The result should be massively reduced contention on the recipients inbound queue.

When the recipient gets a signal, it pulls the originators queue off of the inbound queue, and caches it locally. Any messages are then de-queued by the recipient, directly from the originators queue. This design means that the recipient has to keep local references to each originators queue. There are cleanup / timing issues associated with this, but are solvable.

The recipient (if busy) then busy-polls the queues until they're empty. At which point, it discards the queue, and waits for a new signal. There should be some signal to the caller that it needs to re-start signalling?

Or does it need to do that? The only thing is that the recipient has to not check for signals in between the time the queue goes from 1..0, and the time it drops the queue.

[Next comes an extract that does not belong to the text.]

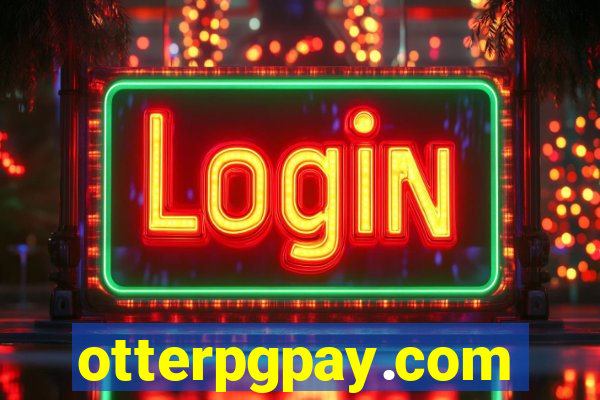 otterpgpay.com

Or, the recipient signals the caller via a message that it's dropping the queue. e.g. mark messages "busy-looping", then "about to drop the queue", followed by "acked from the originator", and then it can drop the queue.

After some discussion

The signals should be limited to control-plane actions.

  • here's a new queue for you
  • please check the queue
  • I'm going to stop busy-polling the queue, please signal me when there's data in it
    • how does it know that the other end received the signal?
  • please stop polling the queue
  • the queue should be deleted

The recipient will always keep a copy of the queue, and will get signalled when there's data in it.

Which means that all communication between threads is done via kqueues. That makes thread discovery / interaction a lot easier. "Get me kqueue for X".

And kqueues are thread-safe which is nice. The downside is that if we want inter-process signalling, we'll need a different signalling mechanism.